Some Lawly facts of life

There are many things in life that just happen and we get irritated when that happens. However, if you recount them all and give them a generality to note that it happens to not just us, but most of all the people in the world sure you will get some solace.

Read the lawly facts of life presented below.

You will know that you are not alone. We are all in the same boat!
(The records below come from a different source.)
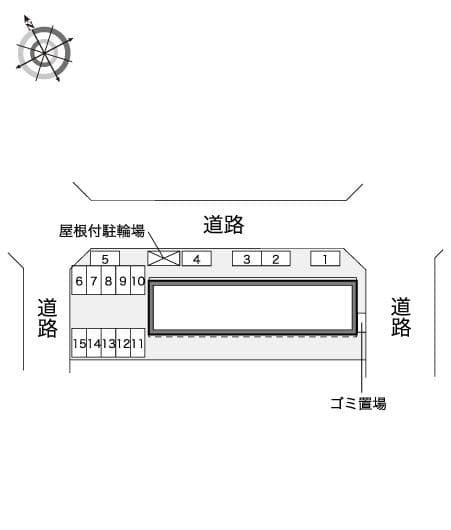 Room image 16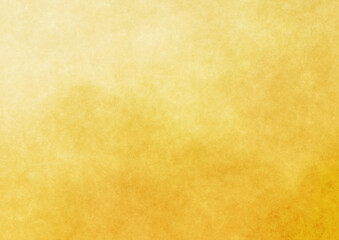 Rendered watercolor background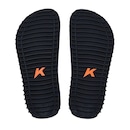 Chinelo Masculino Kenner Kivah Pro Cordura - Foto 3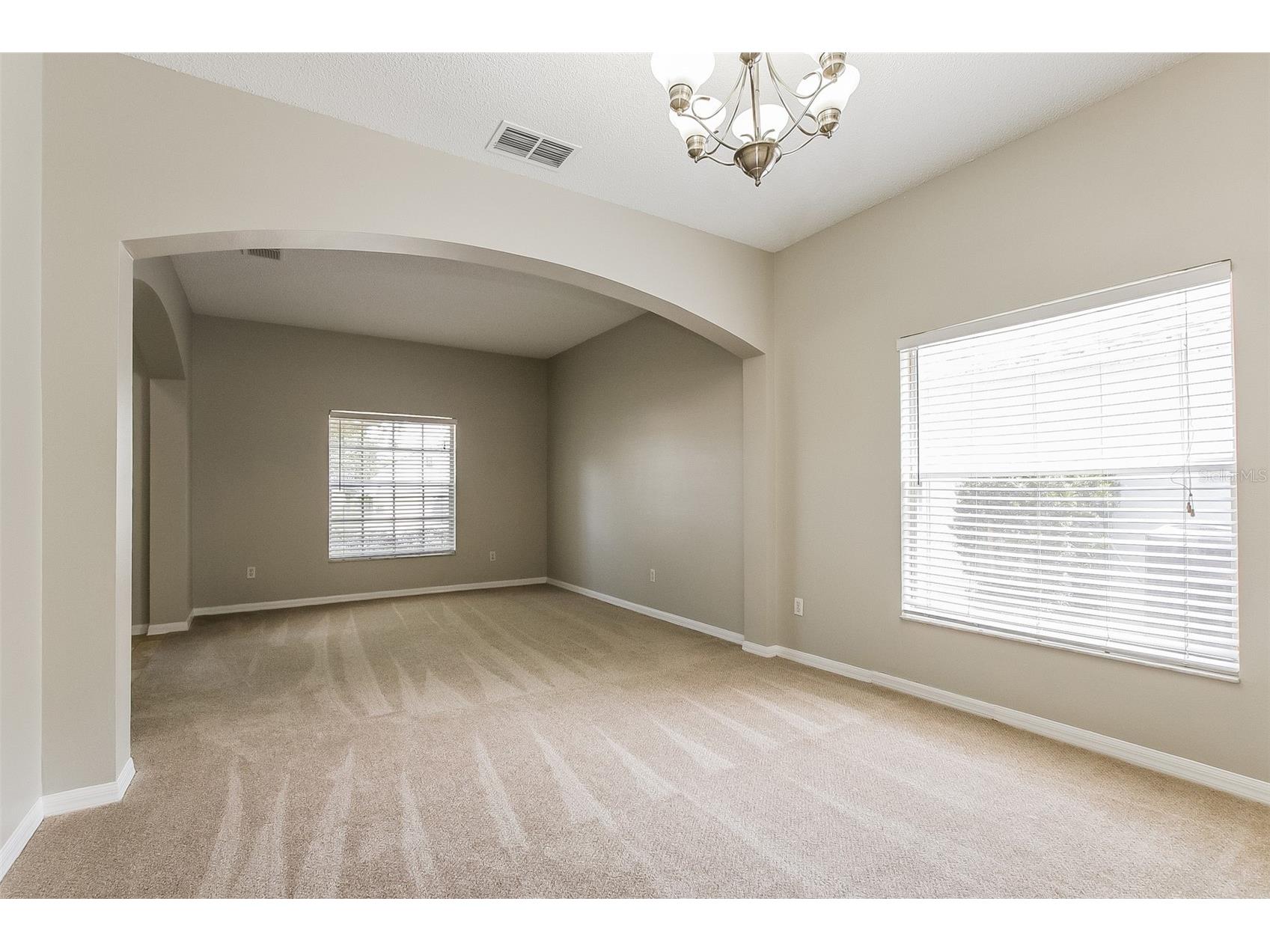 2043 Hammock Moss Drive Orlando FL 32820 TB8506193 image9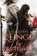 Klinge & Blutmagie, Kaja Evert - Paperback - 9783988670120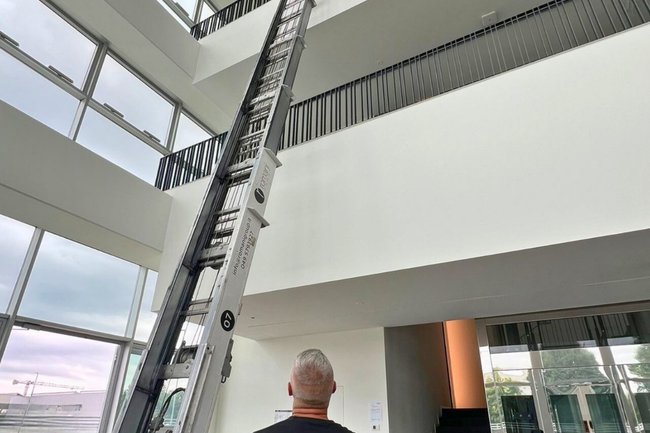 Romani Relocation srl-5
With that knowledge, smile, when you are affected by any of these laws again!!!

LAW OF QUEUE:
If you change queues, the one you have left will start to move faster than the one you are in now.

LAW OF TELEPHONE:
When you dial a wrong number, you never get an engaged one.

LAW OF MECHANICAL REPAIR:
After your hands become coated with grease, your nose will begin to itch.

LAW OF THE WORKSHOP:
Any tool, when dropped, will roll to the least accessible corner.

LAW OF THE ALIBI:
If you tell the boss you were late for work because you had a flat tire, the next morning you will have a flat tire.

BATH THEOREM:
When the body is immersed in water, the telephone rings.

LAW OF ENCOUNTERS:
The probability of meeting someone you know increases when you are with someone you don't want to be seen with.

LAW OF THE RESULT:
When you try to prove to someone that a machine won't work, it will!

LAW OF BIOMECHANICS:
The severity of the itch is inversely proportional to the reach.

THEATRE RULE:
People with the seats at the furthest from the aisle arrive last.

LAW OF COFFEE:
As soon as you sit down for a cup of hot coffee, your boss will ask you to do something which will last until the coffee is cold.